** SUPPLIED DATA follows **

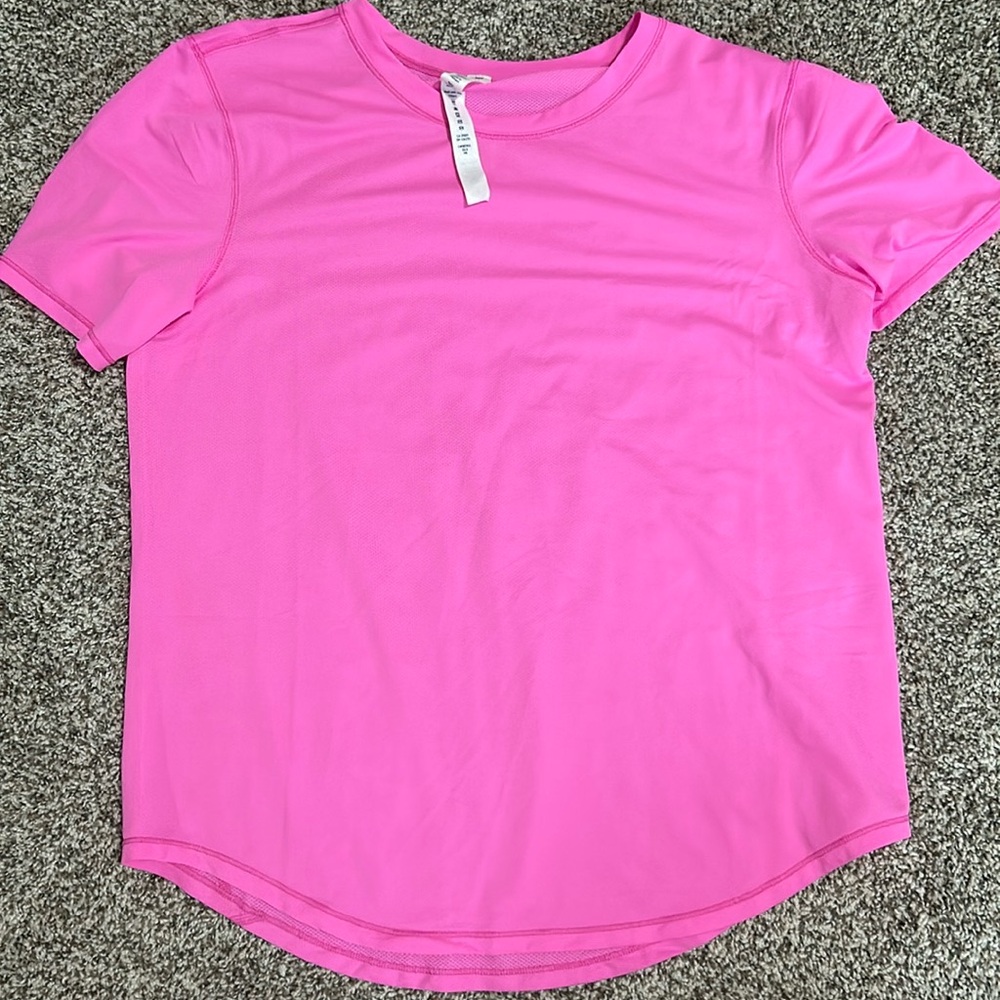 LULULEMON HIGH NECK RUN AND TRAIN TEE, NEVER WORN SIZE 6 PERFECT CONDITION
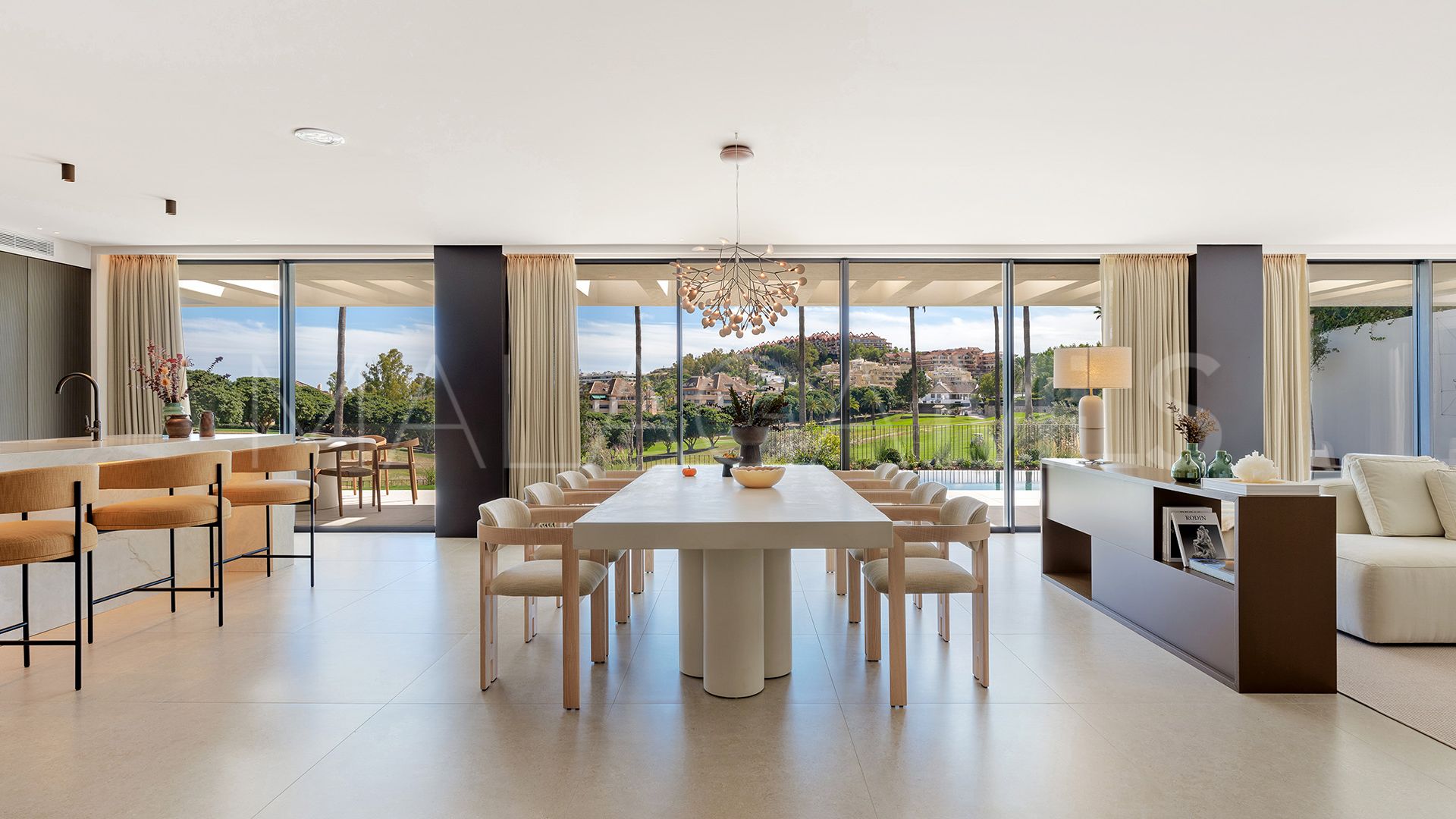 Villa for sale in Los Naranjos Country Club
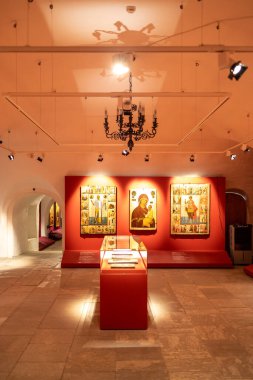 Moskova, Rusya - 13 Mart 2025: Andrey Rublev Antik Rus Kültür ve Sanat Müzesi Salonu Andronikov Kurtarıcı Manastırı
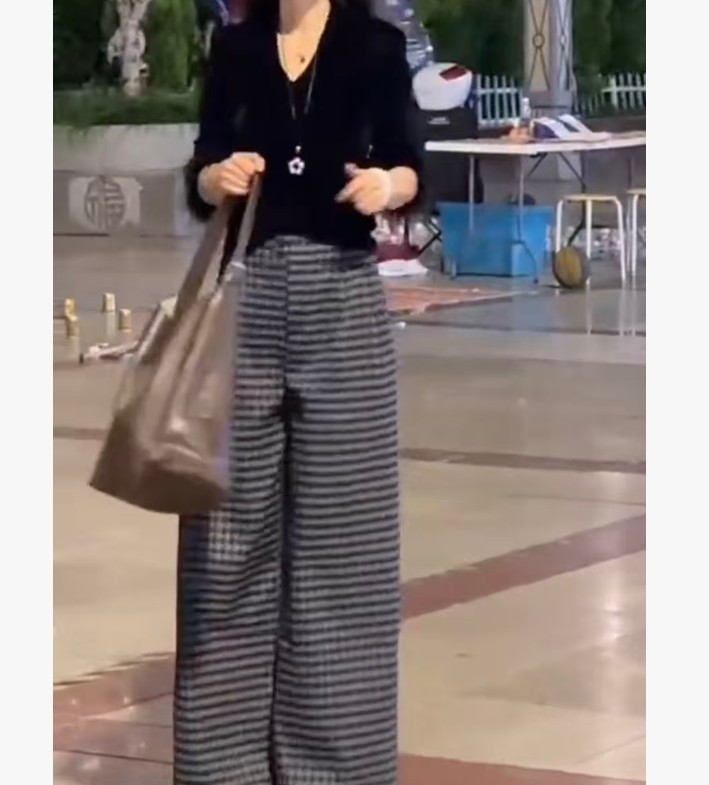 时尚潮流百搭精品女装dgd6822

** End of SUPPLIED DATA **

* [ABOUT THIS EXERCISE]
Transcribe the material above word for word; images do not belong in the copy.

* [RESULT FOR THIS TASK]
 LULULEMON HIGH NECK RUN AND TRAIN TEE, NEVER WORN SIZE 6 PERFECT CONDITION
 Villa for sale in Los Naranjos Country Club
 Moskova, Rusya - 13 Mart 2025: Andrey Rublev Antik Rus Kültür ve Sanat Müzesi Salonu Andronikov Kurtarıcı Manastırı
 时尚潮流百搭精品女装dgd6822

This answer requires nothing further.